# Task
Your answer should be only the lines below from the one with "Chainsaw Man Himeno" to the one with "Mouretti logo - Similar company to Oyefit", repeated exactly, ends included.

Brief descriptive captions
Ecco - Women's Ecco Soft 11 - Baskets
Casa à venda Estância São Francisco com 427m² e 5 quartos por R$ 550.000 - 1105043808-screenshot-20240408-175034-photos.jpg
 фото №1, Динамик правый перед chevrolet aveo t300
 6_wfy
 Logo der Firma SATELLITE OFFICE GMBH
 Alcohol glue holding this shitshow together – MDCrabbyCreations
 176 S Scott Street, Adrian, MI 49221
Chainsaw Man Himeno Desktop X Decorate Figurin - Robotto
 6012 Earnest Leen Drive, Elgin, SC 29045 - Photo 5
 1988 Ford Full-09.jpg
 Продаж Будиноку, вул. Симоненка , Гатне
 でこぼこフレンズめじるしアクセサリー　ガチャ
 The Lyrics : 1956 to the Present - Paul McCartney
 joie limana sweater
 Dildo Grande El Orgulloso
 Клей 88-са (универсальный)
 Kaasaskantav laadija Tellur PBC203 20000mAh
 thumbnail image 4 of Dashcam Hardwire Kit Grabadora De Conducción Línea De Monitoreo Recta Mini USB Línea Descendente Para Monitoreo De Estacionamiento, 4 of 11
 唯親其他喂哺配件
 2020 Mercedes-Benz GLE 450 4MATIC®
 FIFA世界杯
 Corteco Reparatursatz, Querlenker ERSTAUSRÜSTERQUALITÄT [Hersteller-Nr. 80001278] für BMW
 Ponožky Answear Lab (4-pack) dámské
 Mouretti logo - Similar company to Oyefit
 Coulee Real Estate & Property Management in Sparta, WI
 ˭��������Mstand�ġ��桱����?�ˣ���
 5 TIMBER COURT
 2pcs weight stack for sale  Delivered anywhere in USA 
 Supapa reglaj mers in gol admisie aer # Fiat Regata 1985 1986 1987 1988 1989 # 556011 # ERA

# Result below
Chainsaw Man Himeno Desktop X Decorate Figurin - Robotto
 6012 Earnest Leen Drive, Elgin, SC 29045 - Photo 5
 1988 Ford Full-09.jpg
 Продаж Будиноку, вул. Симоненка , Гатне
 でこぼこフレンズめじるしアクセサリー　ガチャ
 The Lyrics : 1956 to the Present - Paul McCartney
 joie limana sweater
 Dildo Grande El Orgulloso
 Клей 88-са (универсальный)
 Kaasaskantav laadija Tellur PBC203 20000mAh
 thumbnail image 4 of Dashcam Hardwire Kit Grabadora De Conducción Línea De Monitoreo Recta Mini USB Línea Descendente Para Monitoreo De Estacionamiento, 4 of 11
 唯親其他喂哺配件
 2020 Mercedes-Benz GLE 450 4MATIC®
 FIFA世界杯
 Corteco Reparatursatz, Querlenker ERSTAUSRÜSTERQUALITÄT [Hersteller-Nr. 80001278] für BMW
 Ponožky Answear Lab (4-pack) dámské
 Mouretti logo - Similar company to Oyefit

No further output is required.